● TASK GOAL
Extract the lines from the first one in the records below through the line containing "Starry Night Blue", keeping both ends and leaving out any pictures.

········

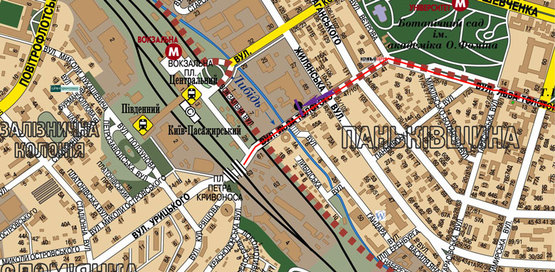 Схема рекламної площини за адресою ул.Л.Толстого,59 направление Южного вокзала Схема рекламної площини за адресою ул.Л.Толстого,59 направление Южного вокзала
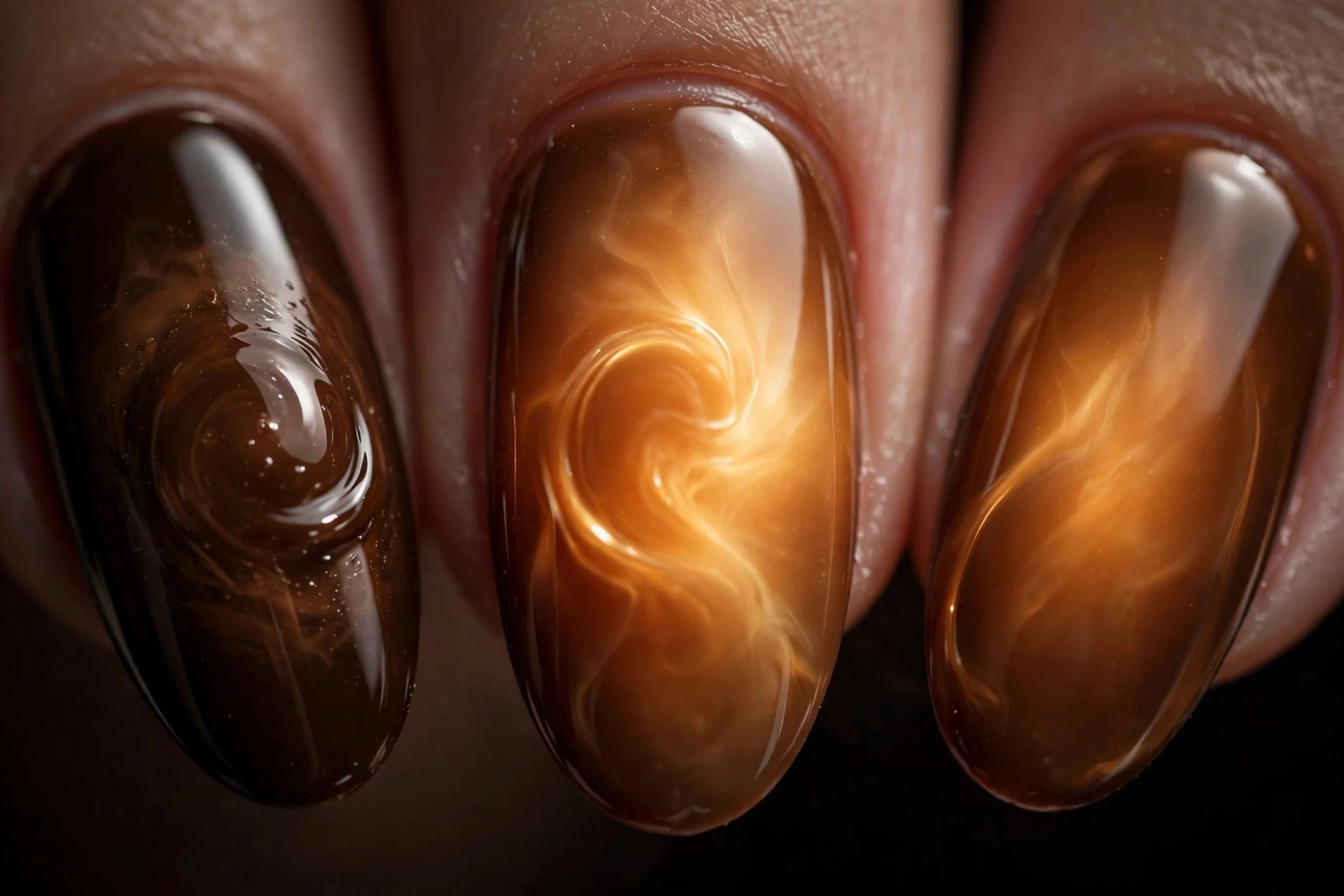 Almond nails with espresso aura, caramel glow blooming from center, glossy, dark background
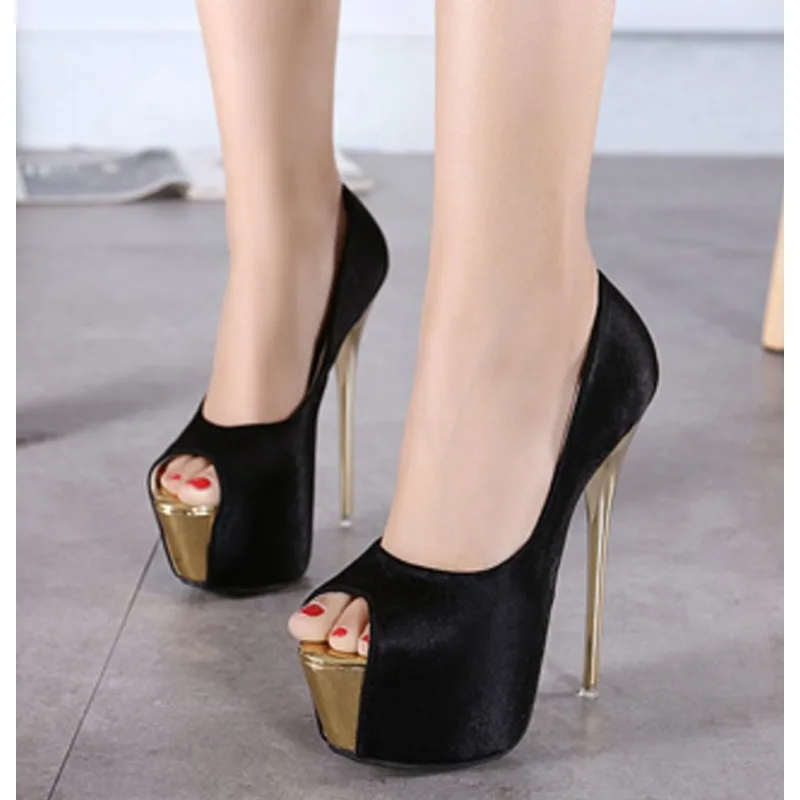 Elegant Women Party Wedding Banquet Shoe Sexy Shallow Peep Toe Slingback Super High Heels Platform Pumps Big Size 43 44 45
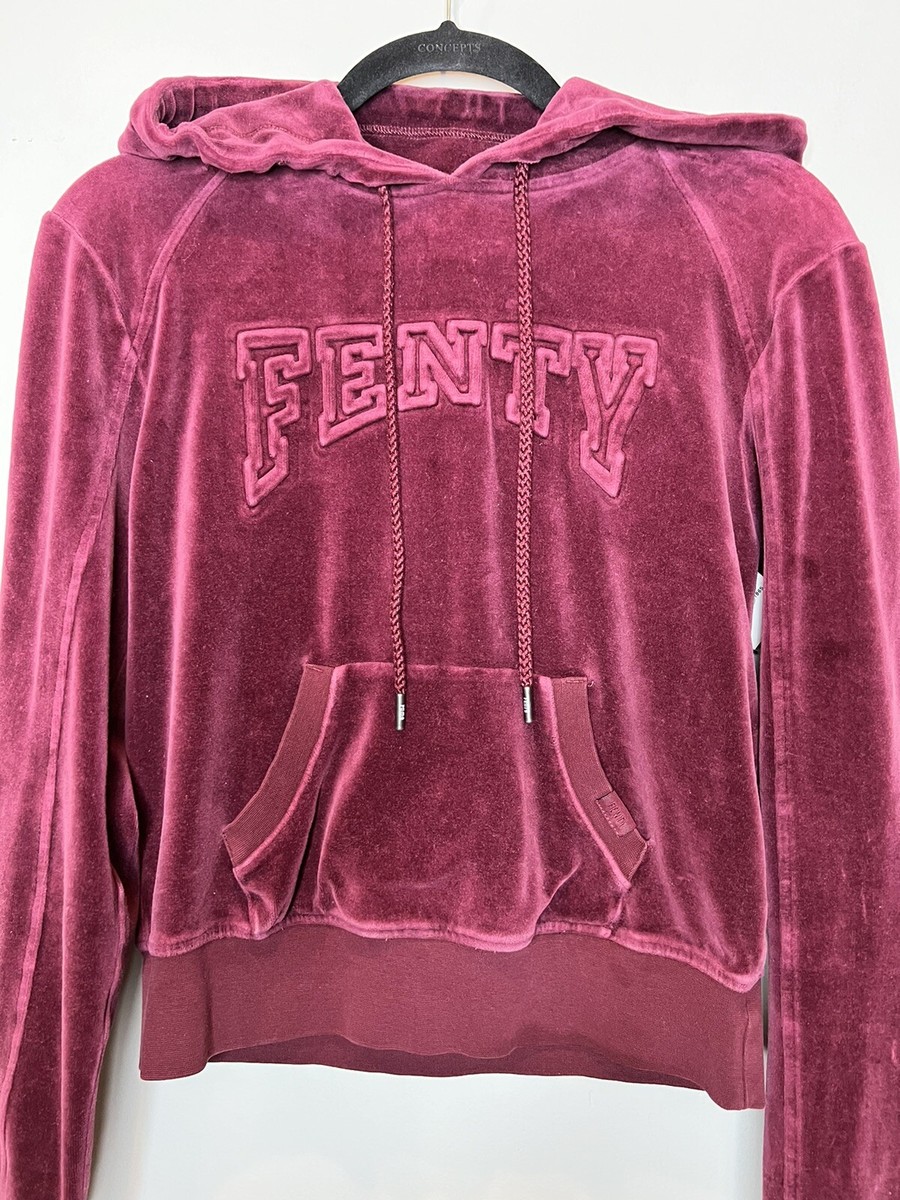 FENTY x Puma RHIANNA Crop Pullover Hoodie Velour Maroon Embroidered 13 Sz  S/P | eBay UK
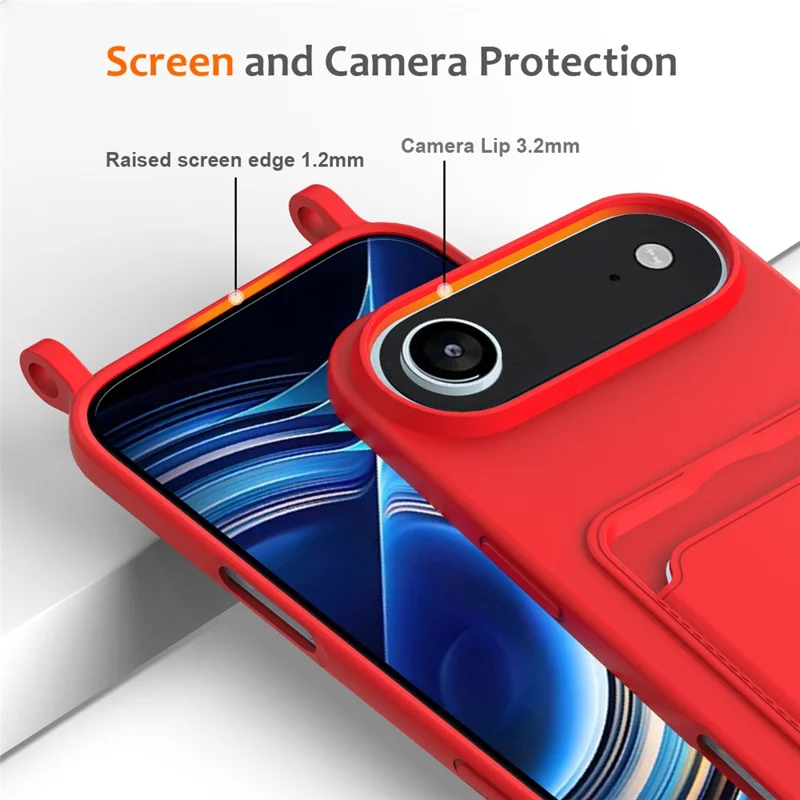 For iPhone Air Case Liquid Silicone Card Holder Back Phone Cover with Lanyard - Red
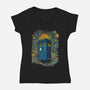 Starry Night Blue Box-Womens-V-Neck-Tee-kharmazero
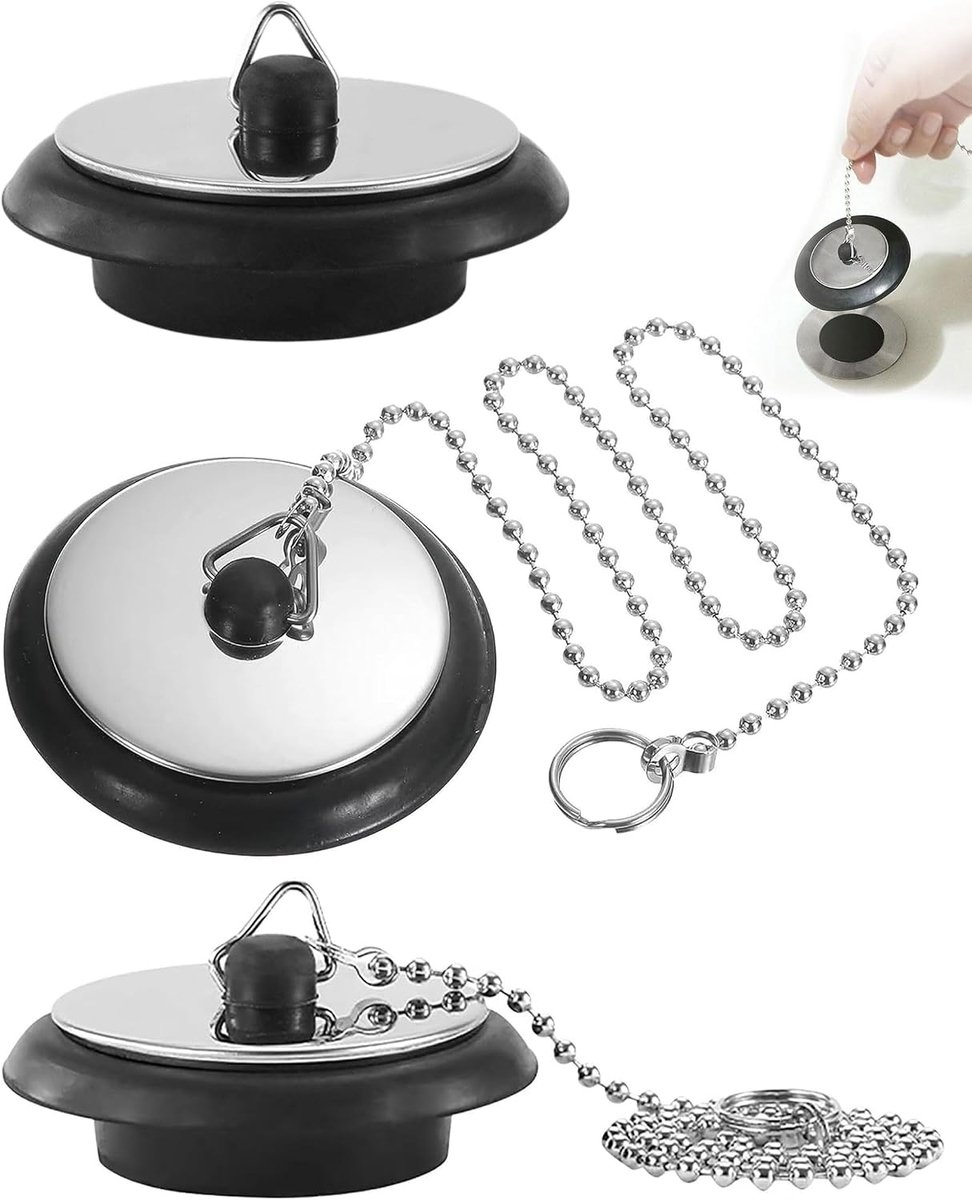 Afvoerstop 3-delig met 40 cm ketting - universeel rubber - duurzaam silicone - ideaal voor bad en wastafel - SnelShoppen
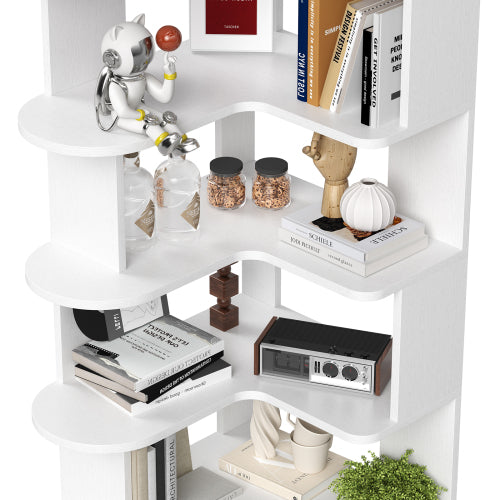 white 5-Tier L-Shaped Corner Bookshelf Freestanding Open Storage Shelf Home Office Space-Saving Display Rack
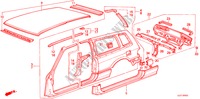 ESTRUCTURA DE CUERPO(3)(2D) para Honda ACCORD EX 3 Puertas 4 velocidades automática 1986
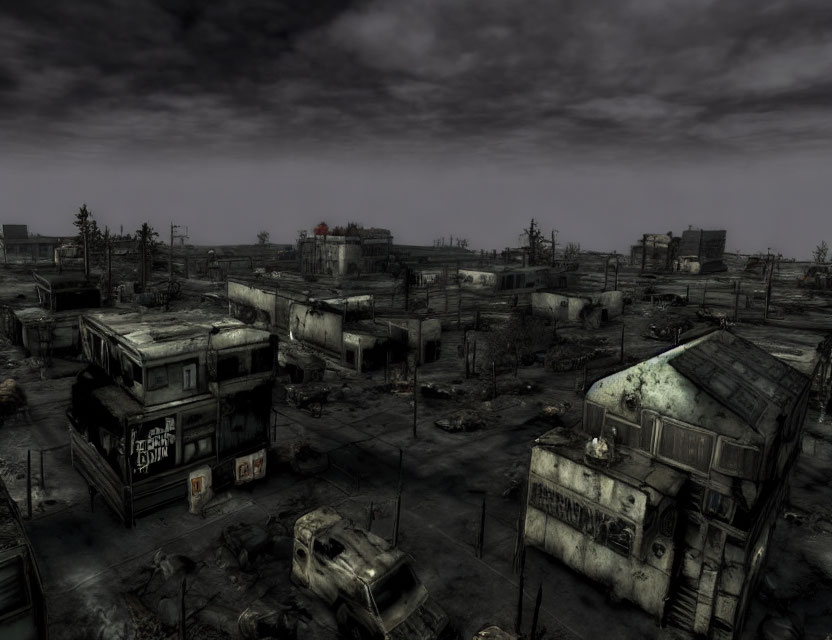 Desolate wasteland with ruined buildings and bleak sky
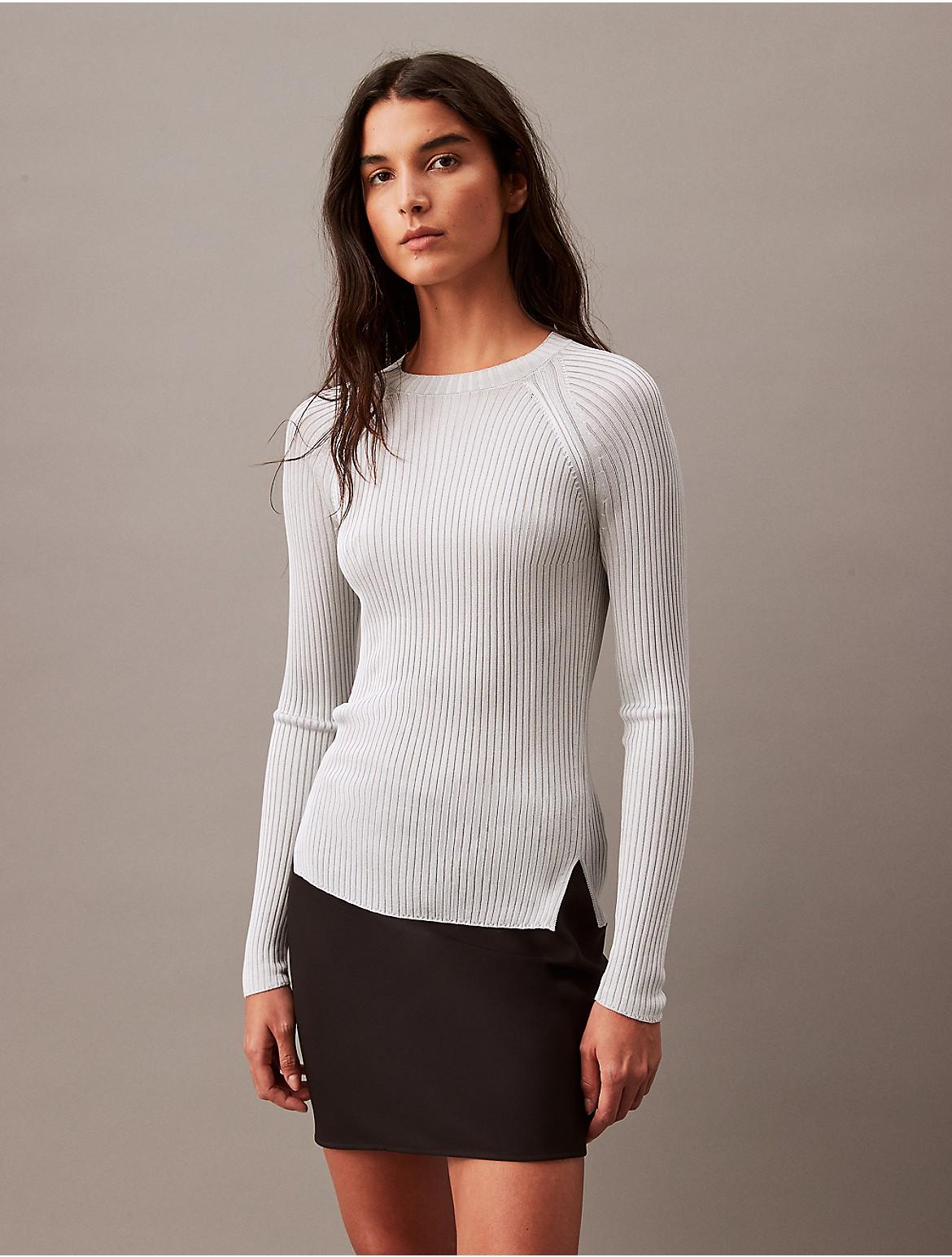 Calvin Klein Womens Shine Viscose Crewneck Sweater - Grey Product Image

········

● EXERCISE ANSWER
 Схема рекламної площини за адресою ул.Л.Толстого,59 направление Южного вокзала Схема рекламної площини за адресою ул.Л.Толстого,59 направление Южного вокзала
 Almond nails with espresso aura, caramel glow blooming from center, glossy, dark background
 Elegant Women Party Wedding Banquet Shoe Sexy Shallow Peep Toe Slingback Super High Heels Platform Pumps Big Size 43 44 45
 FENTY x Puma RHIANNA Crop Pullover Hoodie Velour Maroon Embroidered 13 Sz  S/P | eBay UK
 For iPhone Air Case Liquid Silicone Card Holder Back Phone Cover with Lanyard - Red
 Starry Night Blue Box-Womens-V-Neck-Tee-kharmazero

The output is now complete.